I’d only ever played around with JavaScript as a way of achieving something within a development environment. I’d given little thought to object orientation and code reuse- ability, focusing more on write once, use once and move on as soon as the thing was working.

Then I read DOM Scripting: Web Design with JavaScript and the Document Object Model which changed everything for me. Off the back of that I moved onto Advanced DOM Scripting: Dynamic Web Design Techniques. Just as good although significantly more complex. I did feel at least that I had a good grasp of JavaScript and its client side implications.

Things are different now, everything about how we write code and deploy it is unrecognisable from a decade ago. Time and expense are an issue with everything we do and with applification gaining momentum none of us can hang around.  Now we’re using frameworks, in my case the jQuery library, for our client side scripting. Development can be fast, although the environment on which the framework is being laid can often present issues surrounding access, especially if you’re dealing with legacy code.
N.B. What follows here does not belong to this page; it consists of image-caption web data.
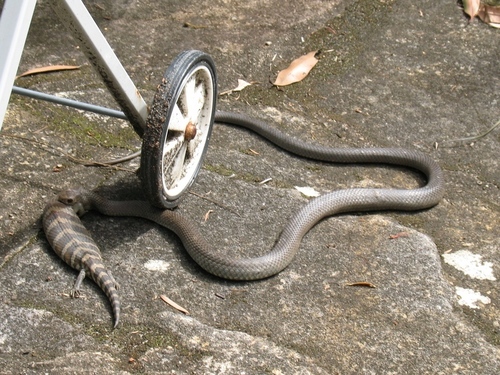 Pseudonaja textilis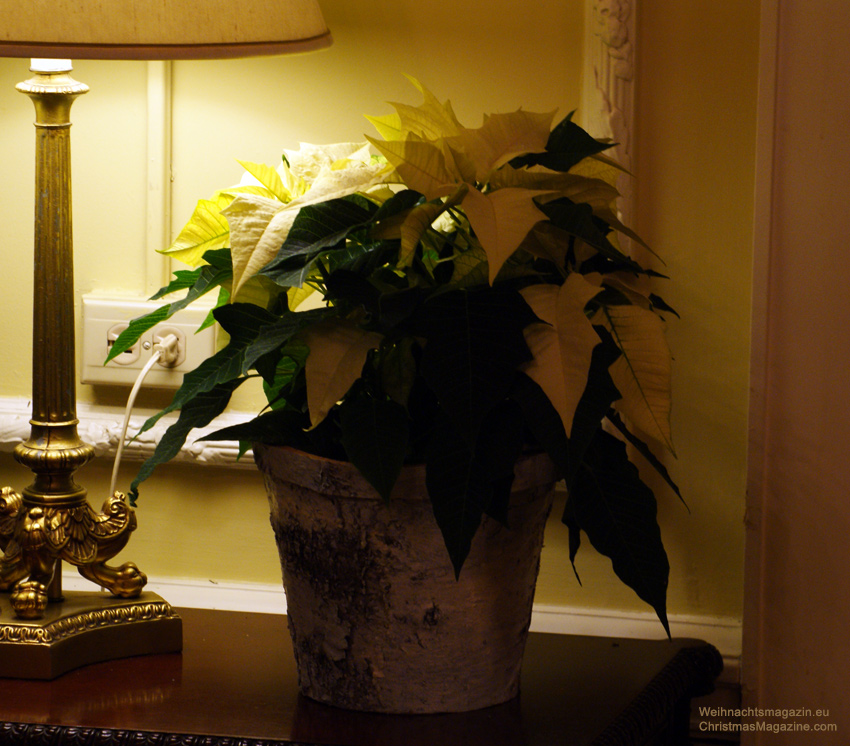 Hycroft Mansion, Vancouver, Christmas decorations, yellow poinsettia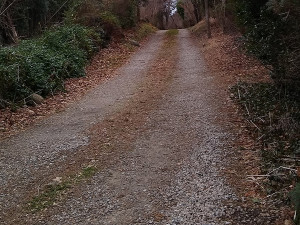 Unpaved Roadway Inventory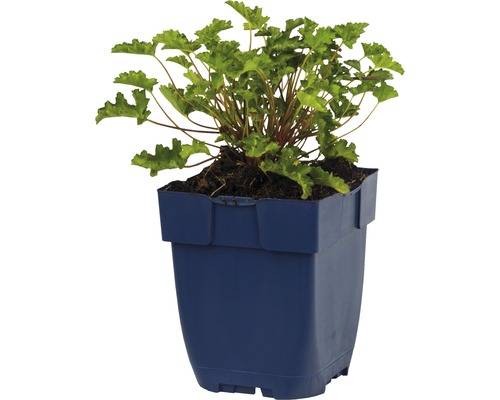 Heuchera Pflanze in einem Topf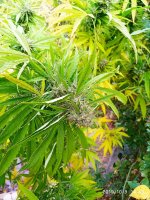 IMG-20191009-WA0022.jpg
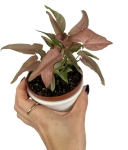 Syngonium 1510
For myself there are two drawbacks to using a framework. The first is the Framework itself which must be downloaded to the client browser, along with any plugins, which can be weighty and as with any JavaScript can cause havoc in an untested environment. The second is less to do with the framework itself and more to do with the developer, who no longer writes his own code, but rather gives instructions to someone else’s. Not the same level of code satisfaction but just the results are just as much fun.

So I’ve gone from reading  about JavaScript using the Document Object Model to reading about frameworks that all but dispense with the considerations of the former.

Happy days.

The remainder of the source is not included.